Il decreto impugnato, pertanto, deve essere cassato e, decidendo nel merito ex art. 384 c.p.c., la Corte deve procedere alla liquidazione dell’indennizzo in favore del ricorrente nella misura di Euro 10.330,00. Ciò tenuto conto della durata irragionevole del giudizio presupposto, pari a circa 11 anni e un mese, in applicazione della più recente giurisprudenza di questa Sezione e dei criteri desumibili dalle decisioni della Corte di Strasburgo (v. per tutte Sez. 1, Sentenza n. 21840 del 14/10/2009).
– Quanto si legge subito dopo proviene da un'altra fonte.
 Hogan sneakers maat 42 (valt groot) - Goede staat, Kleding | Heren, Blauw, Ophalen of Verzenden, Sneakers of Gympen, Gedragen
Le spese processuali, liquidate in dispositivo, seguono la soccombenza.
PQM
La Corte, accoglie il ricorso nei termini di cui in motivazione, cassa il decreto impugnato e, decidendo nel merito, condanna l’Amministrazione a corrispondere alla parte ricorrente la somma di Euro 10.330,00 per indennizzo, gli interessi legali su detta somma dalla domanda e le spese del giudizio:
che determina per il primo giudizio di merito nella somma di Euro 50,00 per esborsi, Euro 600,00 per diritti e Euro 490,00 per onorari, oltre spese generali ed accessori di legge;
e per il presente giudizio di legittimità in Euro 965,00 di cui Euro 100,00 per esborsi, oltre spese generali ed accessori di legge.
Così deciso in Roma, il 30 settembre 2011.